Après Kiev, Niamey ! La guerre froide qui vient de se réchauffer en Ukraine atteindra peut-être son incandescence sous le climat torride du Sahel. Cela a commencé par une série de coups d’Etat, cela finira si l’on n’y prend garde par l’embrasement général.
Que voulez-vous, le mur de Berlin est tombé et avec lui, la carte issue de l’après-guerre. Le monde se recompose. Une nouvelle ère se dessine. Un nouveau partage de l’Afrique est en vue.
Dans Le temps qui reste, le célèbre journaliste Jean Daniel parlait de « seuil de colonisabilité ». De toute évidence, l’Asie et l’Amérique latine l’ont franchi. Le continent noir demeure, lui, taillable et colonisable à merci. Normal, il lui a manqué ce qu’il faut pour générer une société forte, moderne, ouverte au progrès économique et social : le leader, le bon, l’homme de la situation. Jusqu’ici, il n’a eu que des illuminés, des populistes et des satrapes, comme cela se disait jadis dans les fiévreuses réunions de la FEANF (Fédération des Etudiants d’Afrique Noire en France).

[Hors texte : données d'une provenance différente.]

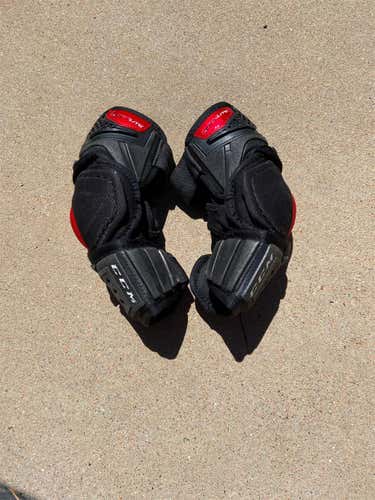 Used Small CCM QuickLite QLT 290  Elbow Pads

Nos dirigeants ont passé leur temps ou à se soumettre, ou à dénoncer ou à revendiquer. Avec la pertinence qui est la sienne, Alioune Tine, le président du RADDHO (Réseau Africain des Droits de l’Homme) a déploré ici, il y a peu, l’absence cruelle d’une géopolitique africaine. La rancœur et le ressentiment n’en font pas une. En gros, nous avons manqué de cynisme, j’allais dire, de machiavélisme.
L’Histoire est immorale. Personne ne viendra nous présenter ses excuses pour l’Esclavage ou pour la Colonisation. Arrêtons nos jérémiades, prenons le monde « tel qu’il est » (ainsi, parlait De Gaulle) et débrouillons-nous pour en tirer le maximum. L’Asie nous a montré que la « colonisabilité » chère à Jean Daniel n’est pas une fatalité. Si nos dirigeants cessaient de pleurnicher, de piquer dans la caisse de l’Etat, de tripatouiller la Constitution et de persécuter leurs opposants, ils pourraient trouver le « truc » qui nous permettrait de sortir de la misère et de son corollaire immédiat, la domination étrangère.
Ce qui se passe en ce moment sur les bords du Niger ne va pas dans ce sens, hélas. Au recul démocratique-irréversible, si ça se trouve ! que cette succession de putschs engendre, il faut ajouter dorénavant une confrontation directe entre la Russie et l’Occident, le tout sur fond de djihadisme triomphant. La peste du Moyen-Orient, plus le choléra des pays du Nord ! Ce n’est pas bien malin de réunir chez soi tous les fléaux de la planète surtout quand on habite un endroit enclavé déjà fortement soumis au double effet du sous-développement chronique et des aléas climatiques les plus virulents !
Tous ces périls au beau milieu du continent, de quoi succomber d’une overdose de pessimisme ! Le Sahel, c’est la partie névralgique, s’il tousse, c’est toute l’Afrique qui va attraper la bronchite. C’est une région complexe, riche de ses mines et de son fabuleux passé, surtout une région charnière, celle qui joint le nord au sud et l’est à l’ouest. Le Niger par exemple est frontalier de pas moins de 8 pays dont le Nigéria, l’Algérie et la Lybie (c’est dire !).
Là, sous nos yeux, putsch après putsch, et devant l’impuissance de la Cedeao, ce formidable trait d’union géographique et humain est en train de devenir « l’Homme malade » du continent. Et ne me dites pas que ce sont des apprentis-sorciers comme Assimi Goïka, Mamadi Doumbouya, Ibrahime Traoré et Abdouramane Tchiani qui vont le rétablir ! Ils n’en ont ni la compétence ni la légitimité.